Decía el inversor David Einhorn: “Cuando algo sale mál, me gusta reflexionar sobre las decisiones equivocadas y aprender de ellas con la esperanza de no volver a cometer el mismo error”. El sesgo retrospectivo y de autoservicio son claros impedimentos para aprender de los errores pasados.

La mejor forma de evitar estos efectos es la que sugería George Soros: llevar un diario de inversiones, es decir, un registro por escrito de las decisiones que tomamos y de las razones que existen tras dichas decisiones. De esa manera, podremos revisar y aprender de nuestros errores pasados desde la honestidad intelectual y evitaremos retorcer interesadamente nuestros recuerdos sobre el pasado. Nos obligará a centrarnos en lo importante: en si el razonamiento y el análisis realizado, con la información disponible en el momento de tomar la decisión de inversión, fue correcto o no.

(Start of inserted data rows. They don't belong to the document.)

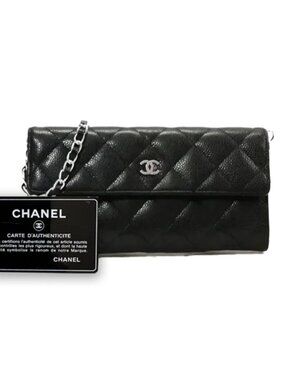 Chanel CC Classic Caviar Flap Wallet Chain Shoulder Crossbody Black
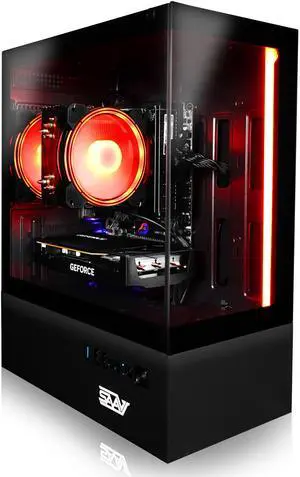 SAAV X7 2025 Gaming PC Tower Computer, Intel i5-8500T 3.5GHz, GeForce RTX 3050 6GB GDDR6 , 16GB DDR4, 512GB NVMe SSD, WIFI 6, Bluetooth, Windows 11, RGB Prebuilt Desktop Bundle Black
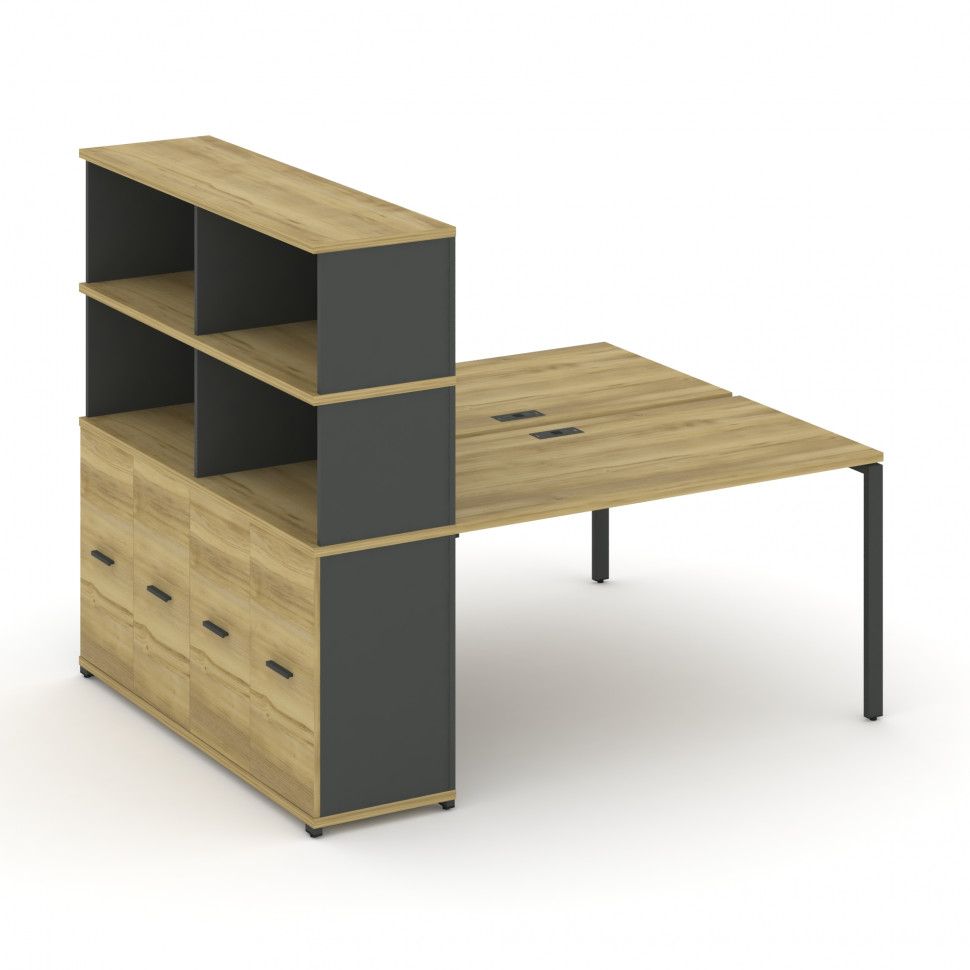 Concept Рабочая станция с опорным распаш. шкафом с надставкой выс. CN.DRS-231 A Дуб Винченцо/Антраци Concept Рабочая станция с опорным распаш. шкафом с надставкой выс. CN.DRS-231 A Дуб Винченцо/Антраци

En conclusión, la economía conductual y el behavioral investing nos permiten conocer mejor los errores cognitivos que cometemos a la hora de invertir y cómo podemos mitigar sus efectos. Aunque en posteriores artículos explicaremos otros, en éste hemos visto algunos de ellos relacionados con la falta de humildad intelectual: en el ámbito de la inversión, las personas actúan bajo un injustificado exceso de confianza, de optimismo, tienden a buscar confirmación de sus ideas preconcebidas, a creer que los eventos pasados eran más fáciles de predecir de lo que fueron, o a atribuirse los méritos de los éxitos mientras los fracasos se achacan a la mala suerte. Desde esta perspectiva, pocas cosas pueden ser más útiles para una persona interesada en el mundo de la inversión que una buena cura de humildad.